In het land van Noersoeltan Nazarbajev ben je als journalist je leven niet zeker. Dat blijkt ook uit het getuigenis van Chakir Bijanov, een jonge televisiejournalist die in centrum 127 bis in Steenokkerzeel terechtkwam nadat hij in Kazachstan slachtoffer was geworden van intimidaties en aanrandingen.

‘Vanuit deze stad, vanuit Kazachstan, een land dat een voorbeeld is van harmonie tussen mannen en vrouwen van verschillende oorsprong en overtuiging, wil ik een ernstige oproep doen…’
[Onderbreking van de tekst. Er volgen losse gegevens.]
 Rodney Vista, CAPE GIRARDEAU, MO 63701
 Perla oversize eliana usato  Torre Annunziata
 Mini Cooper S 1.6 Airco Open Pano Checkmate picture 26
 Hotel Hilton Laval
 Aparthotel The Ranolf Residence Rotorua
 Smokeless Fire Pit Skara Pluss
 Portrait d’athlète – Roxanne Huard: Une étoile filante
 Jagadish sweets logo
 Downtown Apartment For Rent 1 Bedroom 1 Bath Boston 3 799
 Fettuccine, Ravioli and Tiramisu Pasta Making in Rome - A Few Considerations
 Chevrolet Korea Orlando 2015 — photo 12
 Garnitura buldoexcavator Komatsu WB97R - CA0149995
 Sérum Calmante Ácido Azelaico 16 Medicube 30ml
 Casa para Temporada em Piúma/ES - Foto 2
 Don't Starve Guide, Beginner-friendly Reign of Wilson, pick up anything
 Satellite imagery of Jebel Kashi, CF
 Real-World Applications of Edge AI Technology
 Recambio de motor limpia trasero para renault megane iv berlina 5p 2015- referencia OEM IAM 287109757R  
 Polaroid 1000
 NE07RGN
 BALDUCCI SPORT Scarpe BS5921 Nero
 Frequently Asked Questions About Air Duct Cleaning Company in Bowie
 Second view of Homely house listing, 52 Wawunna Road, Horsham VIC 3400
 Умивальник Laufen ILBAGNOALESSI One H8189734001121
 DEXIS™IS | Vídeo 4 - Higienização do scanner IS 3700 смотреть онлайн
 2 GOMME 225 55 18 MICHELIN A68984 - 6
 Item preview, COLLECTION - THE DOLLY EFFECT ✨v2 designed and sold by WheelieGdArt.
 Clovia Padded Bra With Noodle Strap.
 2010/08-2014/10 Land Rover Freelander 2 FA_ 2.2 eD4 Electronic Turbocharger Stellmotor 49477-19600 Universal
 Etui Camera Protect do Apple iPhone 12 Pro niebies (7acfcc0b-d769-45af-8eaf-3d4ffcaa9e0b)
De onvaste stem van de paus galmt monotoon over 45.000 hoofden tijdens de openluchtmis in Astana. Twee weken eerder hebben twee Boeings 767 zich in de Twin Towers in Manhattan geboord. Wellicht is het van de weeromstuit dat de paus in de Kazakse hoofdstad met wierook zwaait, want daarna krijgt de Centraal-Aziatische republiek nooit meer zoveel lof te horen van een westers staatshoofd. Zelfs niet van de Verenigde Staten, die nochtans lonken naar de olievoorraden van Kazachstan en in de autoritaire president Noersoeltan Nazarbajev een bondgenoot zien in hun strijd tegen het terrorisme. In navolging van de EU, uit ook Amerika geregeld zijn ongerustheid over de brutale manier waarop de president de oppositie en de pers monddood maakt.

Op het moment dat de kerkvorst de menigte toespreekt, een gemengd gehoor van vooral moslims, orthodoxe christenen, roomse katholieken en misschien ook wel boeddhisten, zijn honderden inwoners van Kazachstan clandestien op weg naar West-Europa, verspreid over tientallen busjes en vrachtwagens. Ze vluchten voor de pesterijen en het geweld van de overheid en van hun Kazakse medeburgers tegen minderheden en mensen met andere overtuigingen. De etnische lappendeken die het uitgestrekte steppeland met zijn zestien miljoen inwoners is, hangt tien jaar na de onafhankelijkheid in rafels uiteen. Vooral de grote groep Russen die eind de jaren dertig naar Kazachstan werden gestuurd om er een snelle industrialisatie in goede banen te leiden – terwijl Stalin daarna ook Tsjetsjenen, Oekraïeners, Volga-Duitsers en Krim-Tataren liet aanvoeren – krijgen het een paar jaar na het uiteenvallen van de Sovjet-Unie zwaar te verduren. Maar ook de Kazakken die alleen Russisch spreken, en geen Kazaks, worden het mikpunt van nationalistische volksgenoten. Tegelijk gaan de moslims, de grootste religieuze groep in het land, zich steeds vijandiger opstellen tegen andersgelovigen. De overheid negeert de klachten van de slachtoffers en schept een klimaat van rechteloosheid en willekeur.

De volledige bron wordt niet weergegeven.